Canada is the world’s largest user of electricity on a per-capita basis. Much of this is due to resource processing and the use of electric resistance heating in jurisdictions with low electricity prices in relation to natural gas (table 1).

Electricity use in OECD countries has been flat for the last five years, but worldwide it is increasing at a rate faster than population growth (figure 1). Most of this growth is due to developing economies, which are increasing both their electricity and total energy use as they modernize and grow.

Approximately 775 million people live without electricity, down from 1.3 billion in 2012, according to the International Energy Agency.

Canada also has one of the lowest carbon electricity systems in the world. As a nation, more than 80 per cent of electricity generation is from non-carbon emitting sources, dominated by hydro (60 per cent) and nuclear (15 per cent), with the rest being supplied by “new renewables” (wind, solar, and biomass, 6.4 per cent), and fossil fuel (natural gas and other, 18.6 per cent).

The generation mix of Canada’s three largest provinces representing 75 per cent of Canada’s population – Ontario, Quebec, and BC – is 90+ per cent zero emitting (table 2).

Economic growth is driving electricity needs in developing economies, but the ability for electricity to be generated from non-carbon sources along with climate-driven decarbonization goals like net-zero by 2050 is now driving increased electrification in developed economies as well.

The strategy is simple: transition traditionally fossil fuel end-uses to electricity, and transition fossil fuel electricity generation of non-carbon sources.
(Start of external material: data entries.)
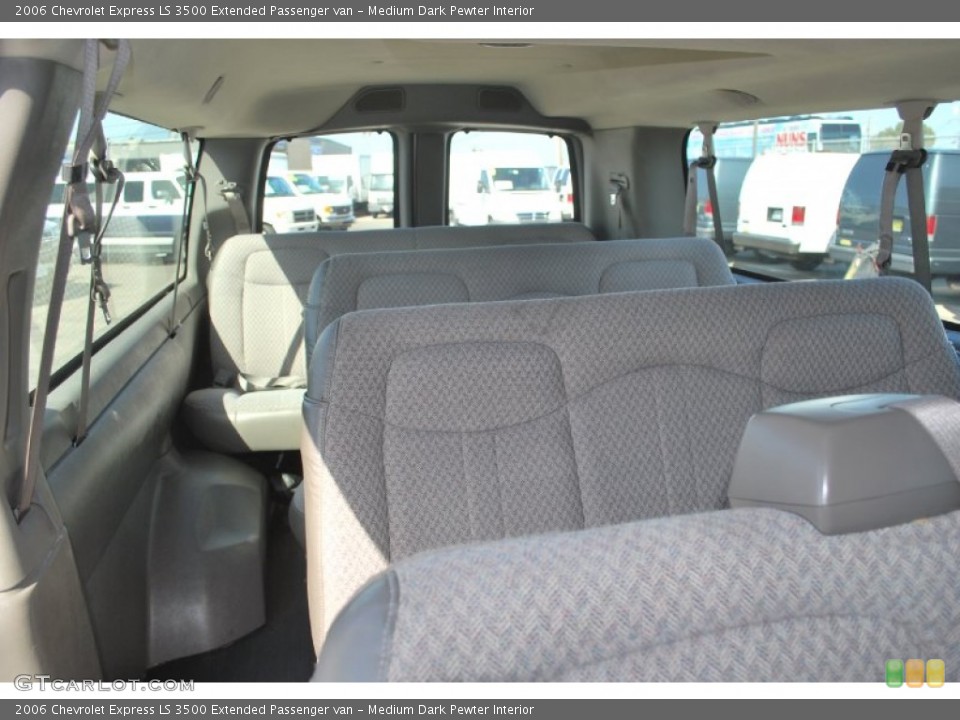 Medium Dark Pewter Interior Photo for the 2006 Chevrolet Express LS 3500 Extended Passenger van #82271899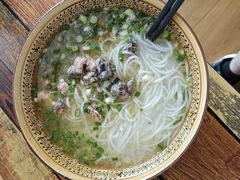 -正宗李家土鸡米线店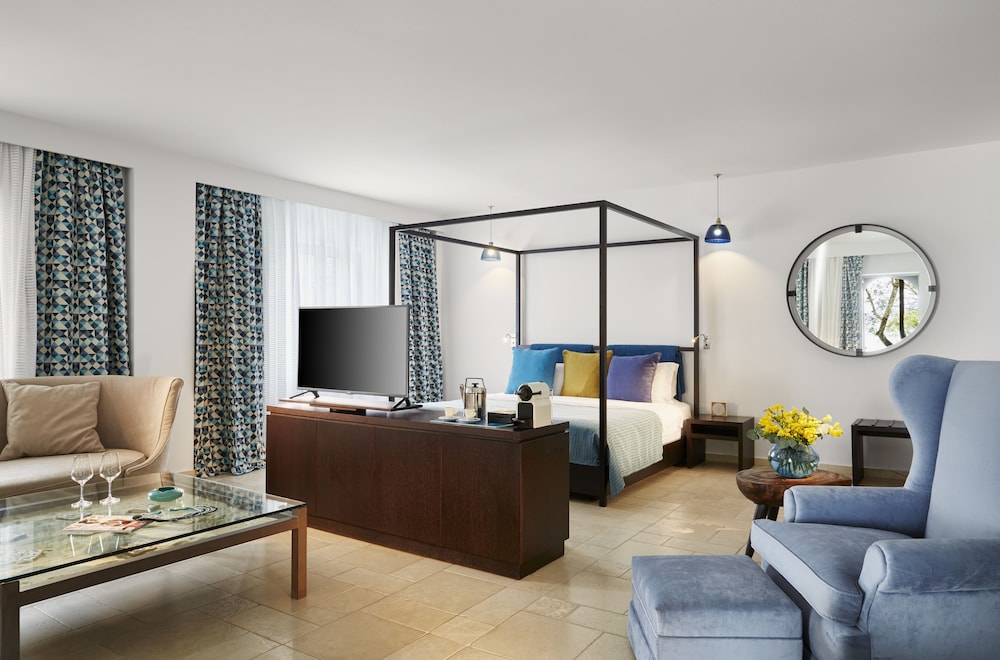 Grand Suite Sea Front with Private Pool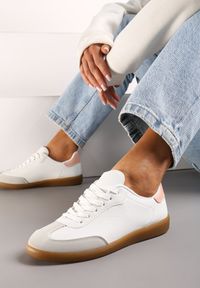 Renee - Biało-Różowe Sznurowane Sneakersy Klasyczne z Cholewką przed Kostkę Laeltia. Wysokość cholewki: przed kostkę. Kolor: biały. Materiał: jeans. Szerokość cholewki: normalna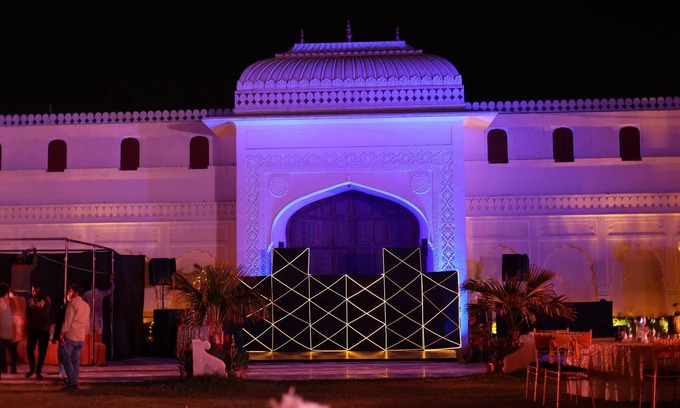 Surat House | A beautiful bungalow with a beautiful view in the heart of the city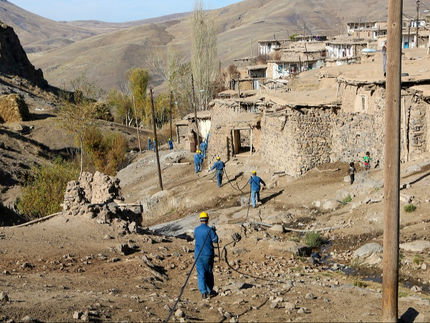 بهسازی شبکه برق ۷۰۰۰ روستای کشور تا پایان سال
The execution is more complicated.

Consider two of the major carbon-emitting end-use transitions being promoted in Canada:

  • Internal combustion engine (ICE) vehicles to electric vehicles (EVs).
  • Home heating from natural gas to electric heating via heat pumps.

The first battery-driven vehicles (in the 1830s) predated the gas-powered vehicles, and as late as 1915, more than 35 per cent of vehicles in the United States were electric. However, over time as fuel resources and ICE technologies improved, the EV essentially disappeared.

With the recent development of “low-cost” lithium batteries (and some incentives), EVs are again growing in market share. As well, the federal government recently announced planned minimum EV sales requirements, hoping to phase out ICE vehicles by 2035. Other jurisdictions have announced similar targets.

The federal government and some provinces are also considering programs, incentives and building code requirements for the transition to heat pumps for heating.

These two transitions will require significant increases in electricity and material resource demands.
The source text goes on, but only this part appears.